### Data for review:
+-------+
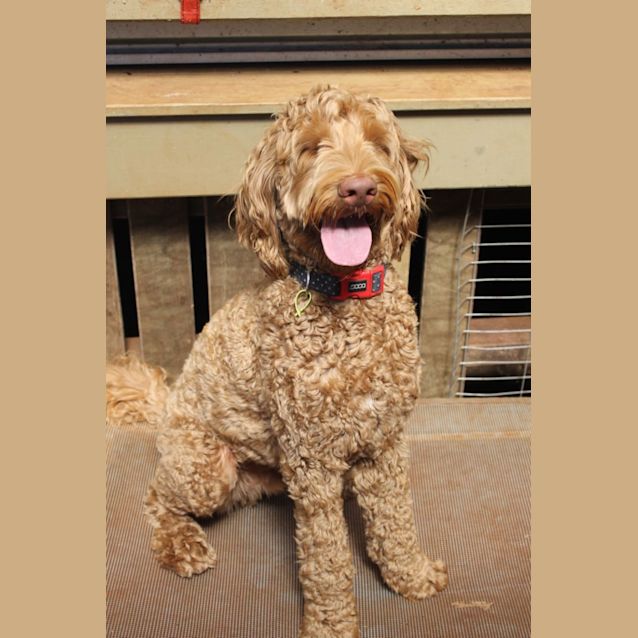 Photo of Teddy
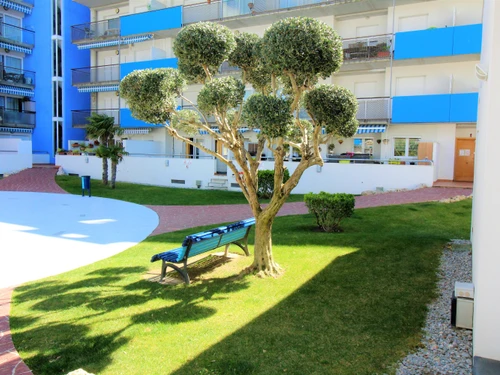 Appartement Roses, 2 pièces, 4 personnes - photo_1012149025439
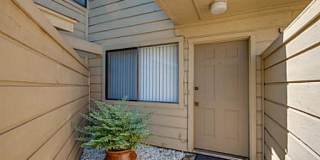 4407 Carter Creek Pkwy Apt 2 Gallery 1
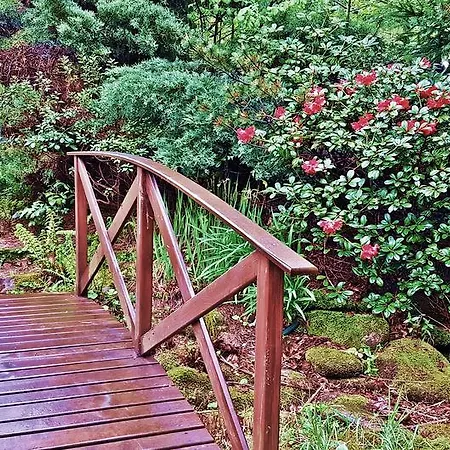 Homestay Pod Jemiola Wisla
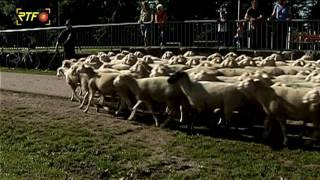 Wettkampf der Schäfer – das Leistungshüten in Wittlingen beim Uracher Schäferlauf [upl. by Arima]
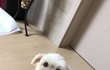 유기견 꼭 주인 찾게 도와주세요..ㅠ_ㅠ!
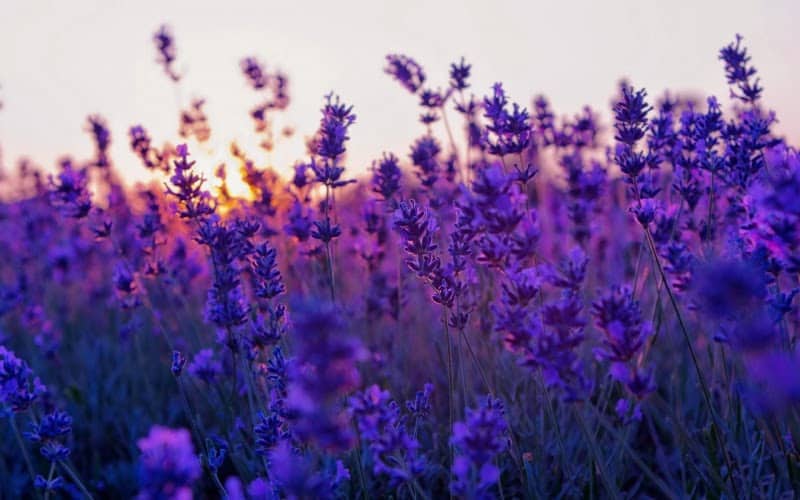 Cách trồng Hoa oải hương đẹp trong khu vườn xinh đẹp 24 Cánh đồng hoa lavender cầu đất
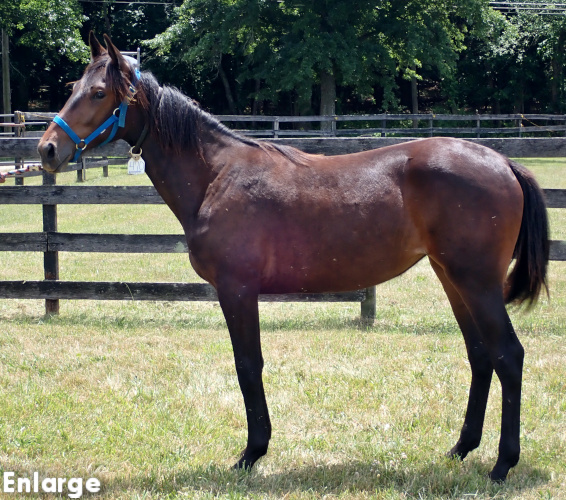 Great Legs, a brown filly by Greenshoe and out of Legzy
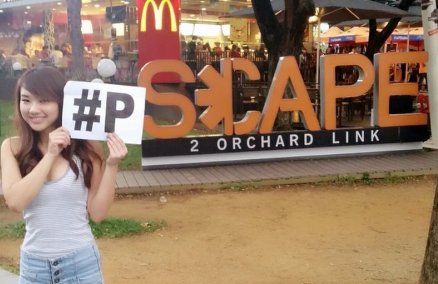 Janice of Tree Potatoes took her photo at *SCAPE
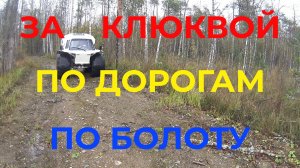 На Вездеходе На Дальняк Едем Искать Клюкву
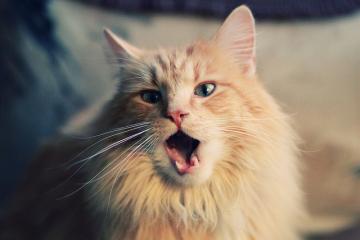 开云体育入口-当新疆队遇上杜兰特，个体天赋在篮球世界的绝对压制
+-------+
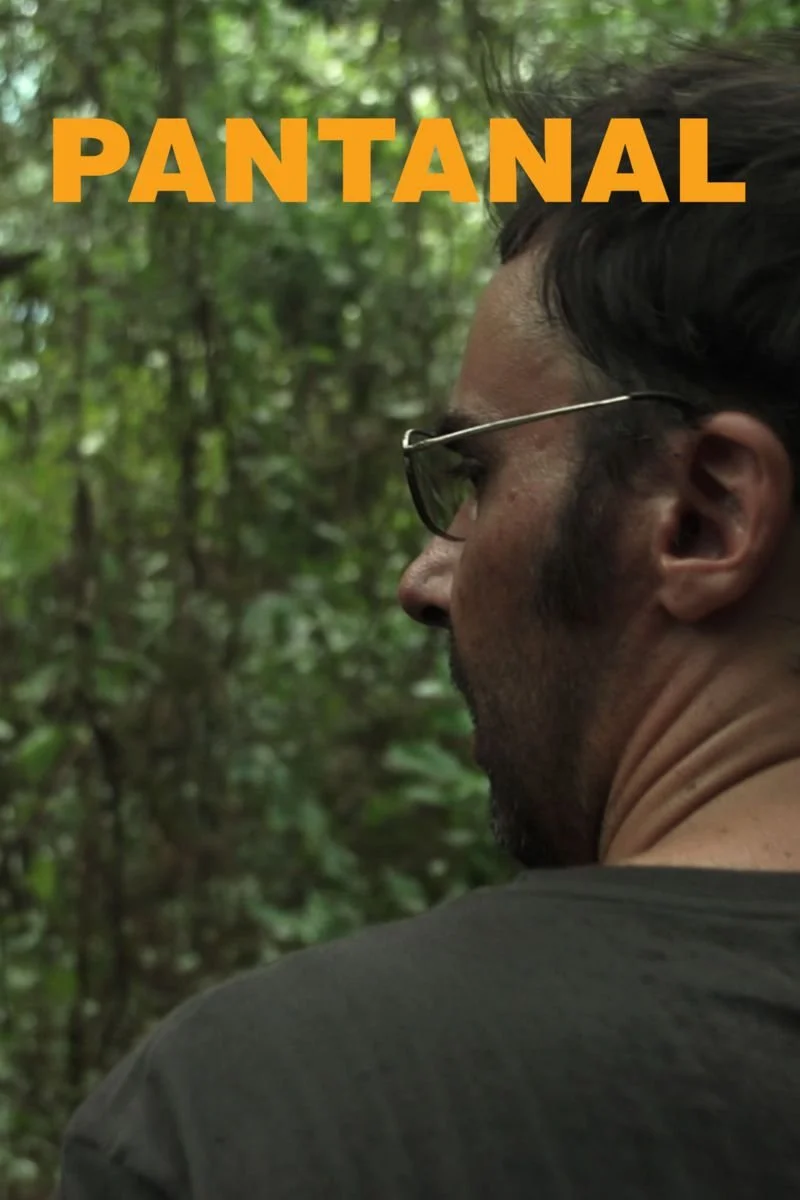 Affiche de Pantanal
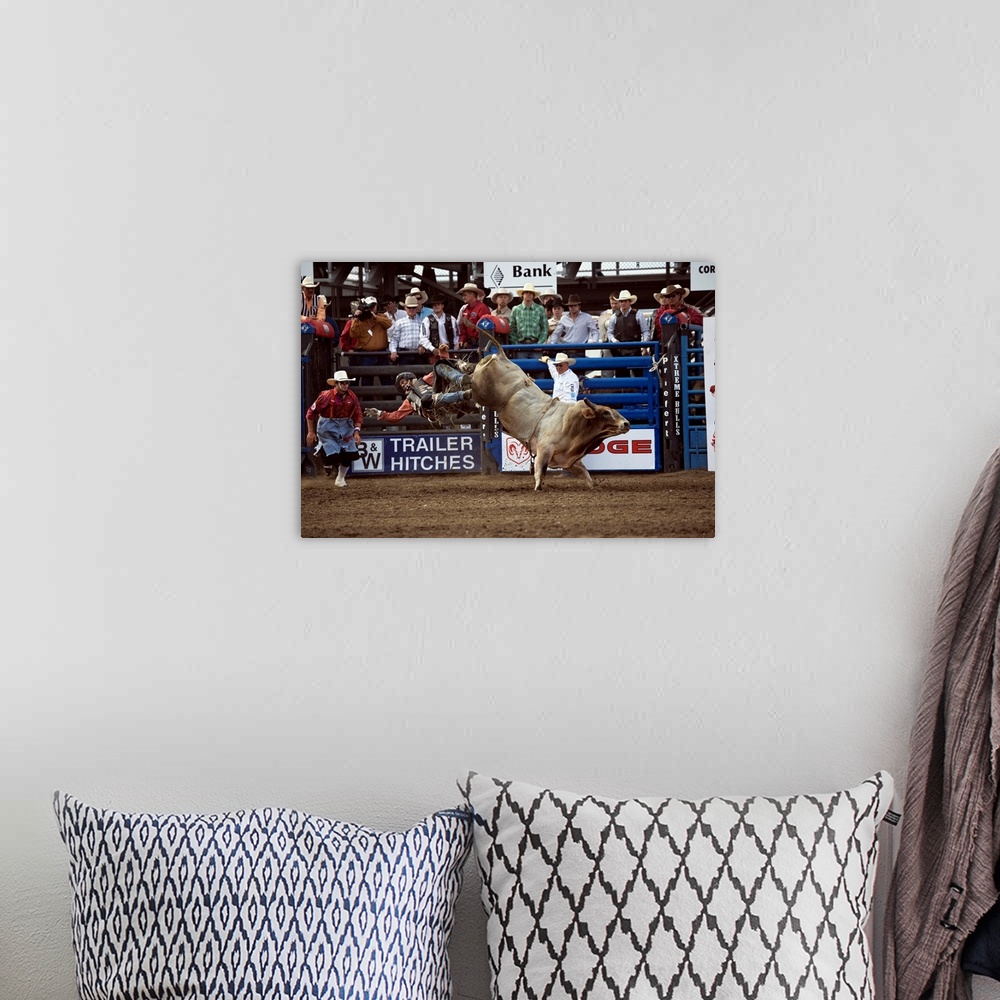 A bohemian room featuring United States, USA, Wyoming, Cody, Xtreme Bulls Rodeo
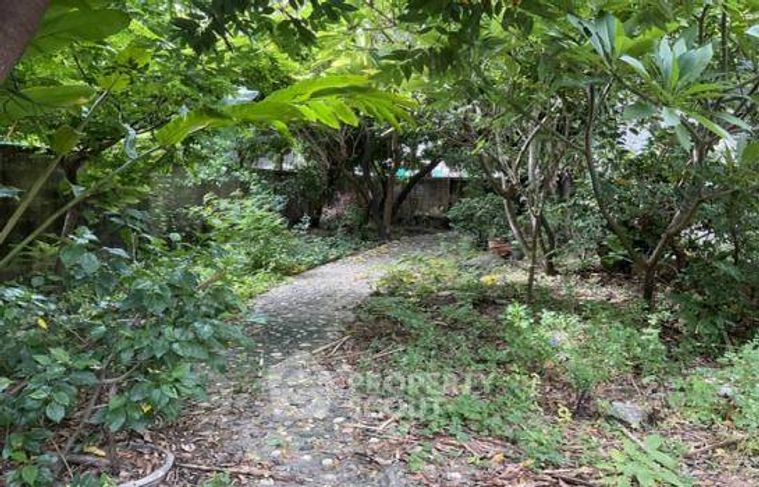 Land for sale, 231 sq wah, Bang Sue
+-------+
Starting at the line above that holds "Photo of Teddy", return each line up to and including the one that holds "유기견 꼭 주인 찾게 도와주세요..ㅠ_ㅠ!", exactly as written, minus any pictures.

### Solution to this exercise:
 Photo of Teddy
 Appartement Roses, 2 pièces, 4 personnes - photo_1012149025439
 4407 Carter Creek Pkwy Apt 2 Gallery 1
 Homestay Pod Jemiola Wisla
 Wettkampf der Schäfer – das Leistungshüten in Wittlingen beim Uracher Schäferlauf [upl. by Arima]
 유기견 꼭 주인 찾게 도와주세요..ㅠ_ㅠ!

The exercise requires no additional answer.